A 'feeling' prosthetic developed by DARPA and unveiled in 2015 solved this with electrodes connected directly to the sensory cortex of the brain, but Clark's team wanted a less invasive solution.
When you touch something, a burst of signals is immediately sent up the nerves to the brain, after which it tapers off. The team recorded this activity from the arm of a primate, and performed mathematical calculations to work out an approximation of how this happens in humans.

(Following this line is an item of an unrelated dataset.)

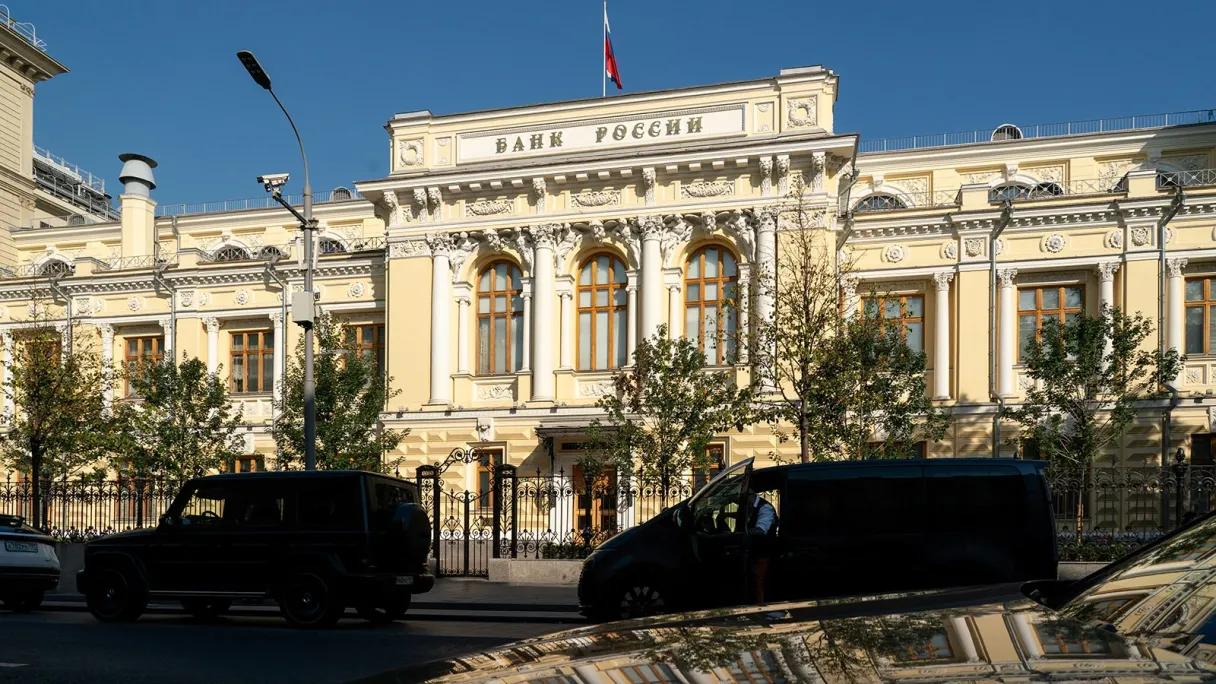 ЦБ будет по-новому определять системную значимость банков ЦБ представил новую методику определения системной значимости российских банков. Действующая методика недостаточно точно ранжирует организации, которые отличаются друг от друга размерами и структурой активов, бизнес-моделями, социальной функцией и по региональному присутствию. Поэтому и надбавки за системную значимость, которую они платят, должны быть не едиными, как сейчас, а разными, считает регулятор. По его задумке, перечень системно значимых банков будет переписан по новой методике уже в 2027 году, а дифференцированные надбавки вступят в силу на год позже. Расширение критериев и введение надбавок может увеличить список системно-значимых банков на пять-десять новых финансовых организаций, считают эксперты. Для некоторых крупных банков возникшая необходимость соблюдать эти требования или повышение значения надбавки может означать, что им придется аккумулировать достаточность капитала вместо наращивания активов под рисками. Подробности на сайте Forbes : Фото: Артем Житенёв/ТАСС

A model based on these calculations was then integrated into the software for the LUKE Arm, and refined. And it worked.
It gave Walgamott enough of a sense of feeling that he could pull grapes from their stems without crushing them. He could handle an egg without cracking it. He could peel a banana without squashing it. He could send a text message on his phone.
"One of the first things he wanted to do was put on his wedding ring. That's hard to do with one hand," Clark said. "It was very moving."
The paper focuses primarily on touch, but there's also a capability to relay temperature and pain, something the researchers want to further develop in the future. The team also wants to develop a wireless version of the LUKE Arm that does not need to be connected to an external computer, so that it can be used in day-to-day life.
For now, it remains a research prototype in a lab. But the team hopes that by 2021, three study participants may even be able to take their LUKE Arm home.
The research has been published in Science Robotics.